PROBLEM STATEMENT: Pictures stay out of the copy, and everything else in the data below is repeated exactly.
Content starts
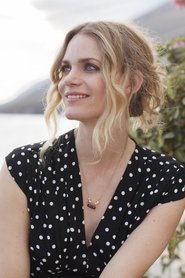 Liv Mjönes portrait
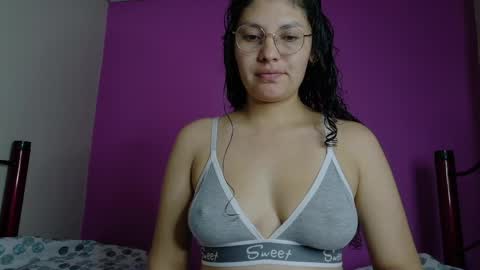 Snapshot of vainilla_cam chatting on May 4, 2026, 1:23 am Vainilla online show from May 4, 2026, 1:23 am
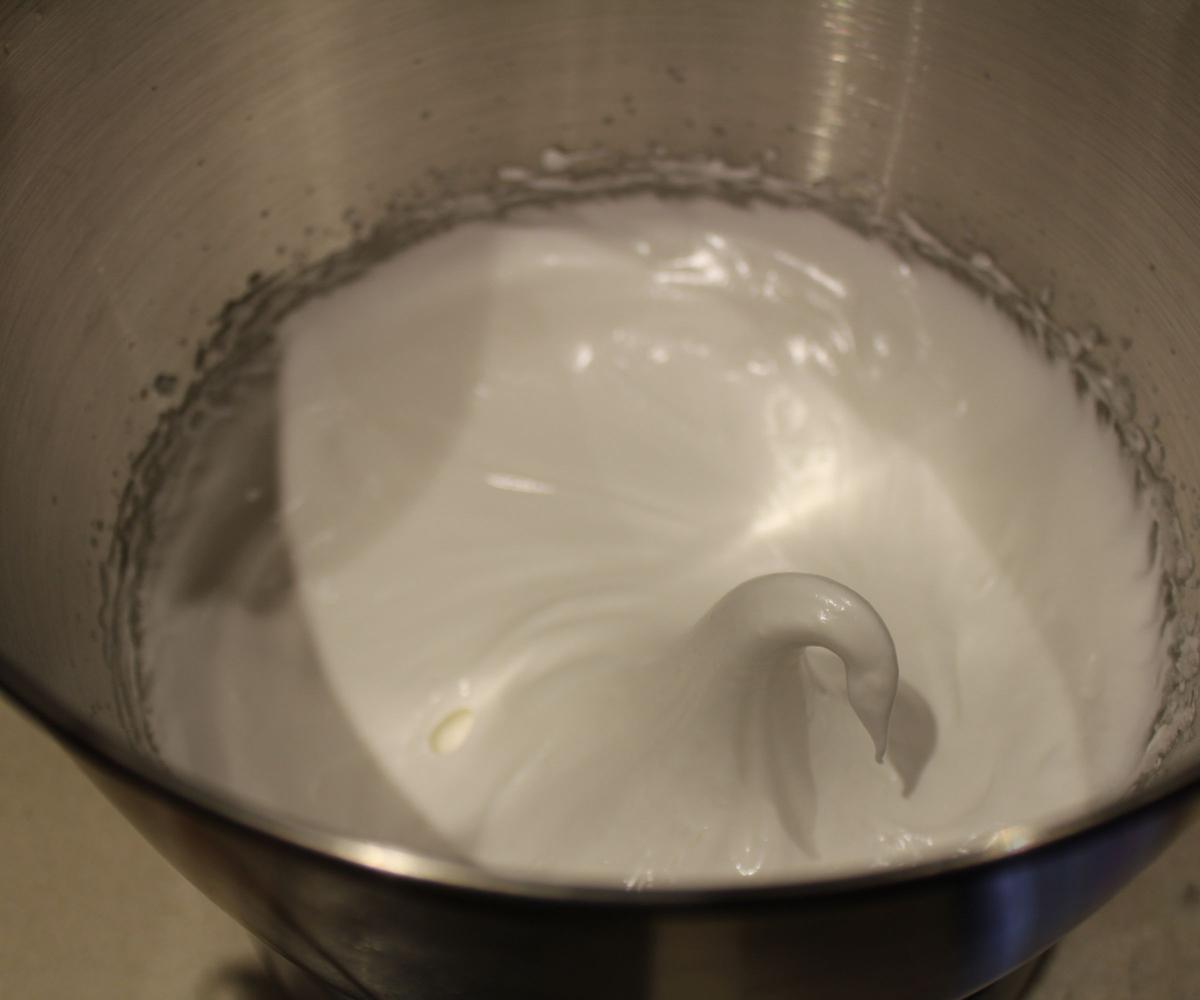 Whipping meringue in the Hamilton Beach Electric Stand Mixer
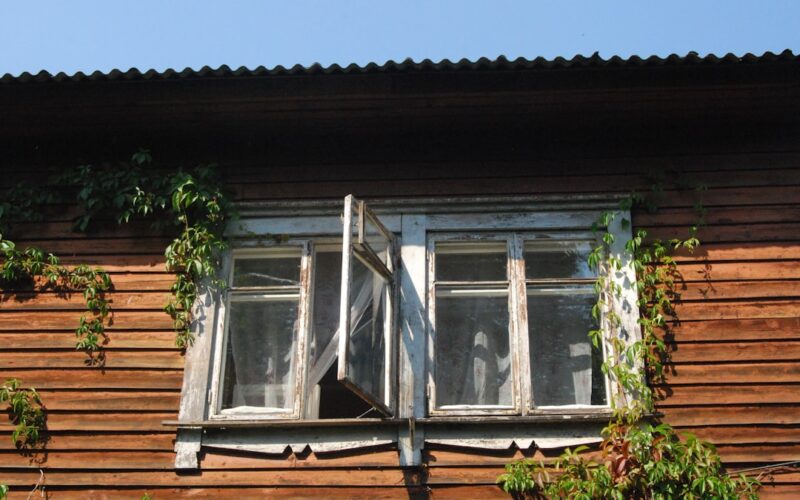 Sash Window Restoration: Draught Proofing Georgian Panes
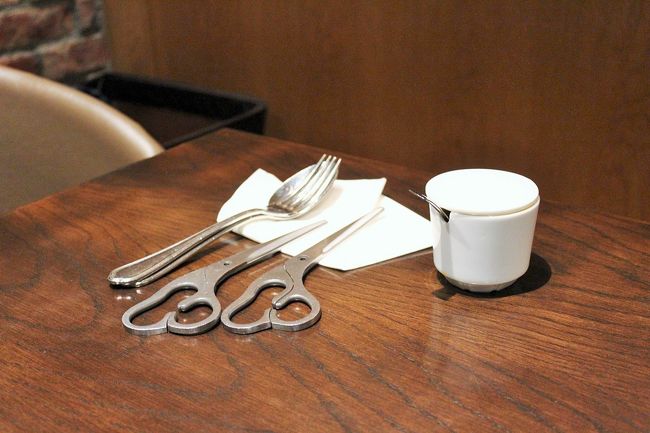 ところで、ピッツァをオーダーしたときに、テーブルに並んだセットもの。<br />えっ、はさみ？？<br />はい、はさみでピッツァを切るらしい。<br />初めての経験にドキドキ！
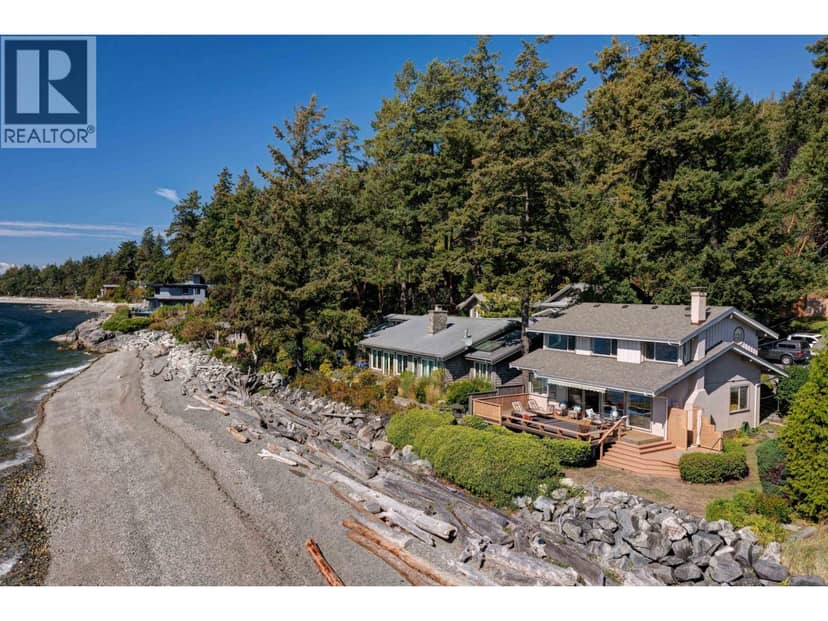 6577 SUNSHINE COAST HIGHWAY, Sechelt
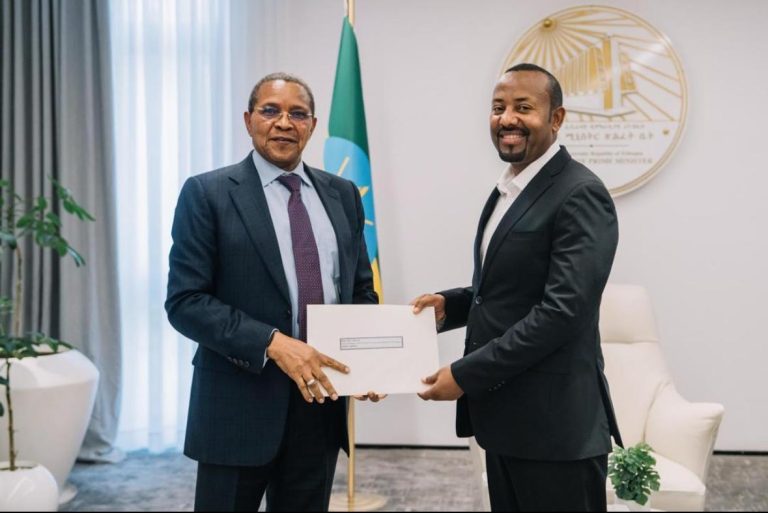 DKT. JAKAYA KIKWETE AWASILISHA UJUMBE MAALUM KWA WAZIRI MKUU WA ETHIOPIA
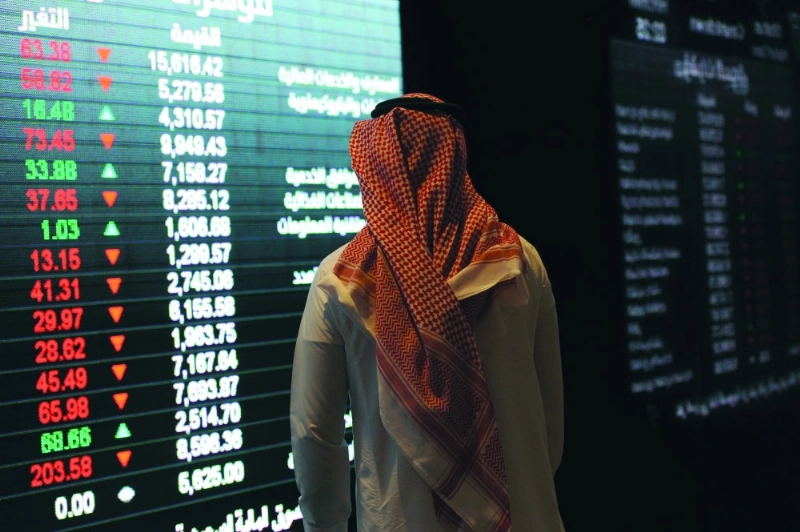 مستثمر يتابع شاشات الأسهم (مكة)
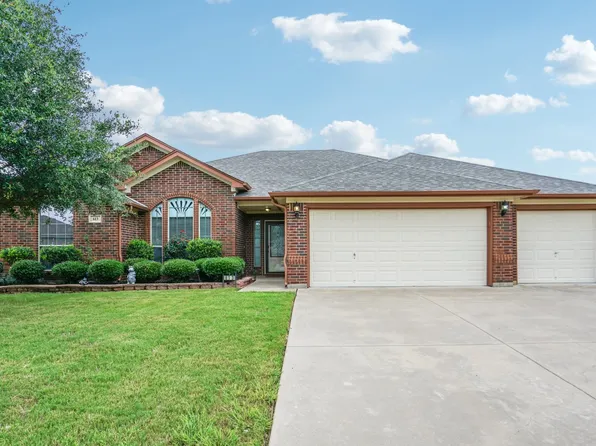 613 W Sheila Cir, Joshua, TX 76058
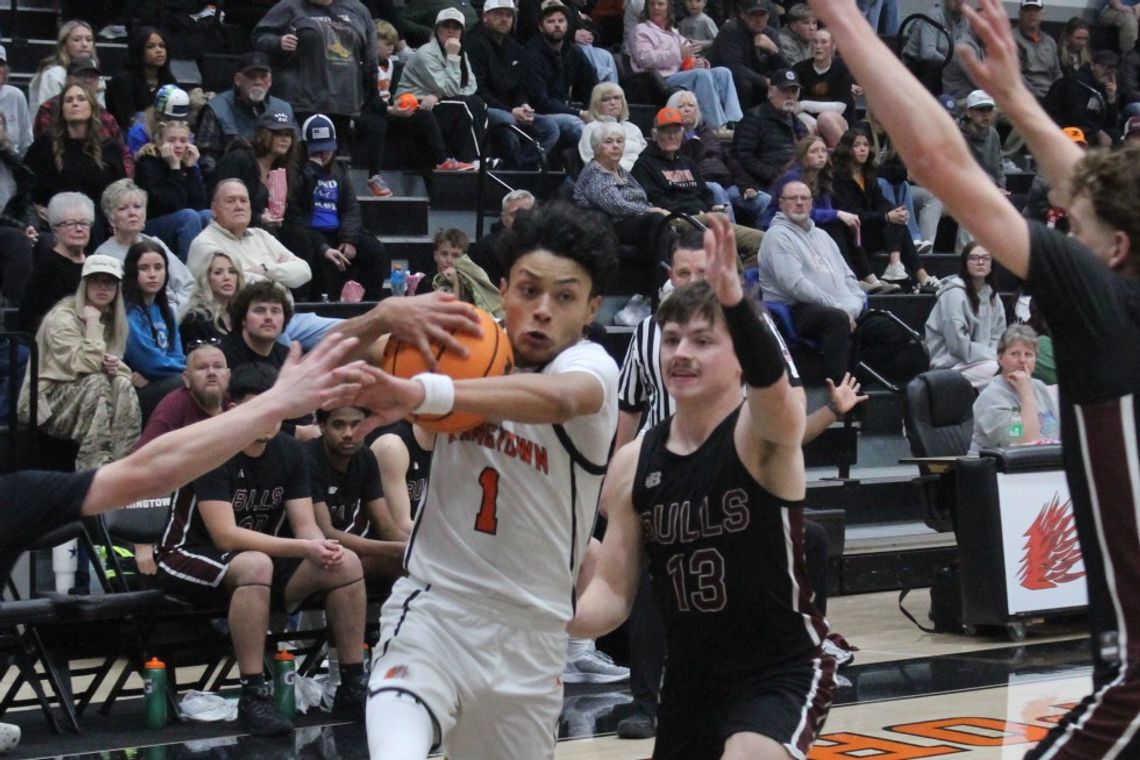 Hoopers grind through weather-delayed district stretch
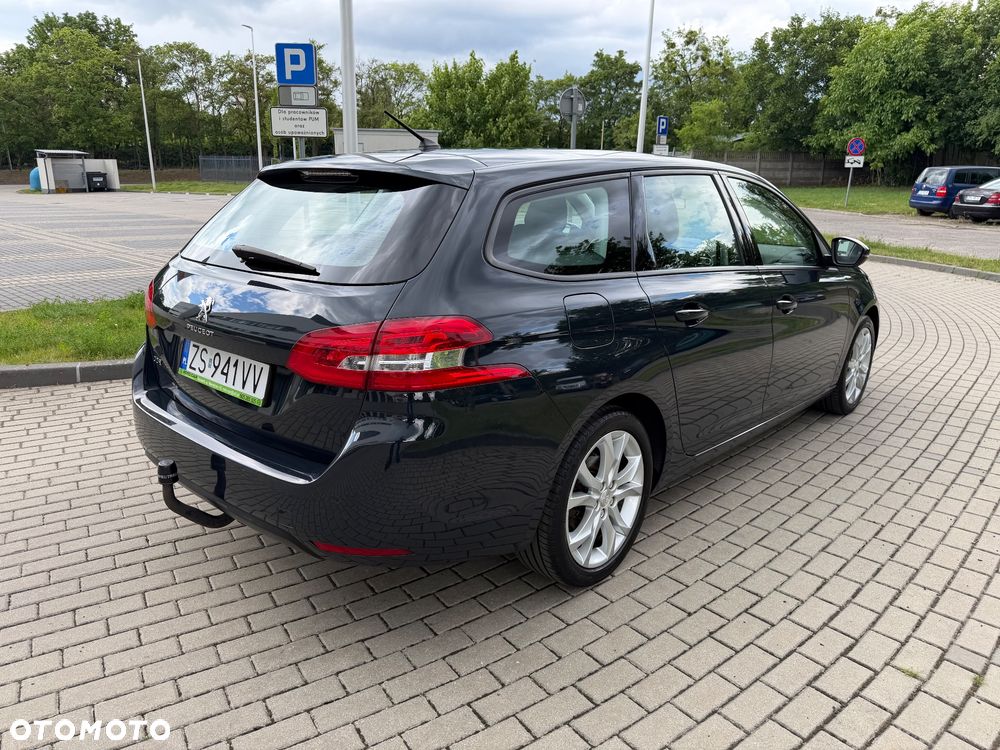 Peugeot 308 1.5 BlueHDi Allure S&S EAT6 - 29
Content ends
OUTPUT:
 Liv Mjönes portrait
 Snapshot of vainilla_cam chatting on May 4, 2026, 1:23 am Vainilla online show from May 4, 2026, 1:23 am
 Whipping meringue in the Hamilton Beach Electric Stand Mixer
 Sash Window Restoration: Draught Proofing Georgian Panes
 ところで、ピッツァをオーダーしたときに、テーブルに並んだセットもの。<br />えっ、はさみ？？<br />はい、はさみでピッツァを切るらしい。<br />初めての経験にドキドキ！
 6577 SUNSHINE COAST HIGHWAY, Sechelt
 DKT. JAKAYA KIKWETE AWASILISHA UJUMBE MAALUM KWA WAZIRI MKUU WA ETHIOPIA
 مستثمر يتابع شاشات الأسهم (مكة)
 613 W Sheila Cir, Joshua, TX 76058
 Hoopers grind through weather-delayed district stretch
 Peugeot 308 1.5 BlueHDi Allure S&S EAT6 - 29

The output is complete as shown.